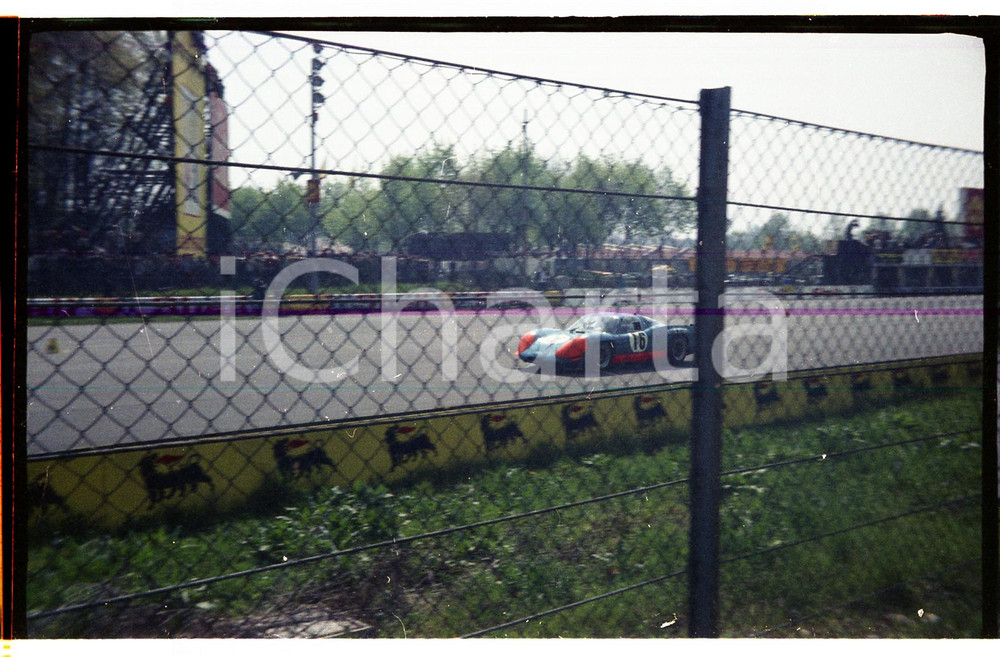 1969 MONZA 1000 km ALPINE A 220 sul rettilineo dei box NEGATIVO ORIGINALE Negativo originale a colori, in formato 35mm CONDIZIONI: FAIR E' SEVERAMENTE VIETATA LA RIPRODUZIONE.TUTTI I DIRITTI SONO RISERVATI.ICharta mette in vendita, sul negozio eBay e in esclusiva sul sito "icharta" il proprio archivio composto da numerose diapositive e negativi fotografici d'epoca, tutti originali e autentici, che attraversano la storia del costume italiano tra gli la fine degli anni Sessanta e Novanta.Si tratta di uno sguardo inedito sull'attualità, la politica, la vita quotidiana, il gossip e la cultura, che fotografa il cambiamento della nazione in quest'ultimo scorcio del XX secolo. Un'occasione unica per il mercato del collezionismo, che vede finalmente disponibile un archivio eccezionale per vastità, tematiche e condizioni, in un settore (il negativo fotografico e la diapositiva) di assoluta novità e dalle interessanti prospettive di investimento. FAIR/discreto   originale e autentica 1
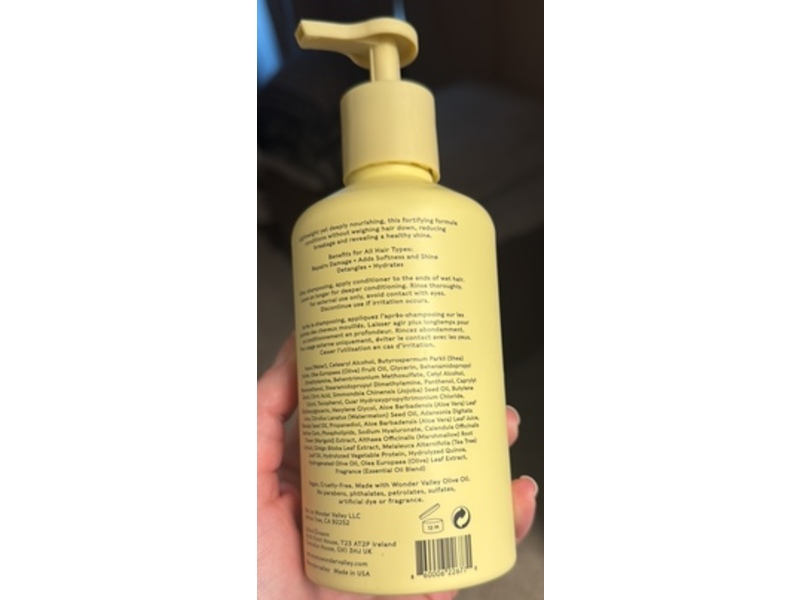 Wonder Valley Conditioner, Sandalwood Yuzu, 10.1 fl oz/300 mL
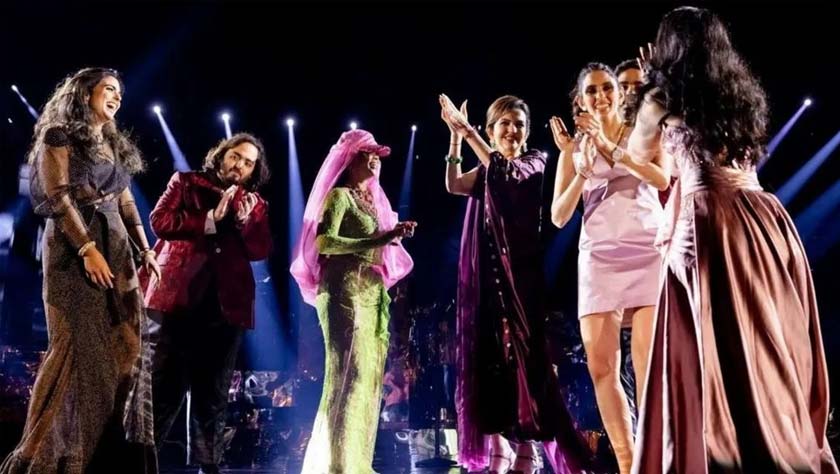 Penyanyi Rihanna turut diundang mengadakan persembahan dan difahamkan menerima bayaran AS$7 juta (RM32.8 juta). - Gambar REUTERS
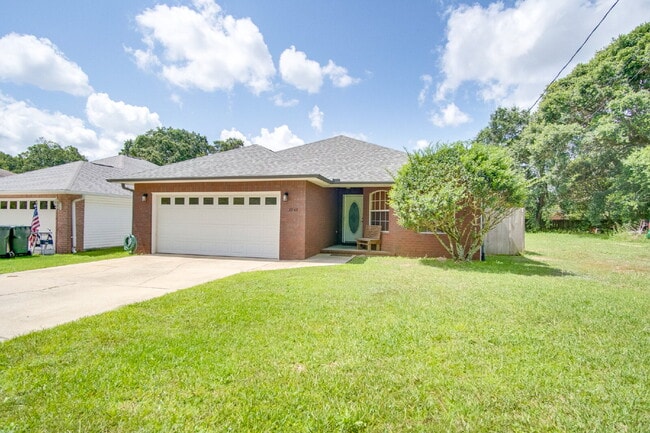 Building Photo - Northeast Pensacola Pool Home with Screened Porch and Fenced Yard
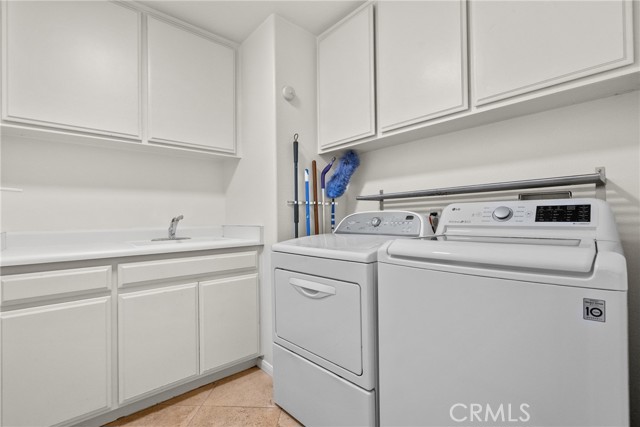Detail Gallery Image 23 of 54 For 27360 Chesterfield Dr, Valencia,  CA 91354 - 4 Beds | 3 Baths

What is required |
All of the records need repeating exactly, except for the pictures.

Reply |
 1969 MONZA 1000 km ALPINE A 220 sul rettilineo dei box NEGATIVO ORIGINALE Negativo originale a colori, in formato 35mm CONDIZIONI: FAIR E' SEVERAMENTE VIETATA LA RIPRODUZIONE.TUTTI I DIRITTI SONO RISERVATI.ICharta mette in vendita, sul negozio eBay e in esclusiva sul sito "icharta" il proprio archivio composto da numerose diapositive e negativi fotografici d'epoca, tutti originali e autentici, che attraversano la storia del costume italiano tra gli la fine degli anni Sessanta e Novanta.Si tratta di uno sguardo inedito sull'attualità, la politica, la vita quotidiana, il gossip e la cultura, che fotografa il cambiamento della nazione in quest'ultimo scorcio del XX secolo. Un'occasione unica per il mercato del collezionismo, che vede finalmente disponibile un archivio eccezionale per vastità, tematiche e condizioni, in un settore (il negativo fotografico e la diapositiva) di assoluta novità e dalle interessanti prospettive di investimento. FAIR/discreto   originale e autentica 1
 Wonder Valley Conditioner, Sandalwood Yuzu, 10.1 fl oz/300 mL
 Penyanyi Rihanna turut diundang mengadakan persembahan dan difahamkan menerima bayaran AS$7 juta (RM32.8 juta). - Gambar REUTERS
 Building Photo - Northeast Pensacola Pool Home with Screened Porch and Fenced Yard
Detail Gallery Image 23 of 54 For 27360 Chesterfield Dr, Valencia,  CA 91354 - 4 Beds | 3 Baths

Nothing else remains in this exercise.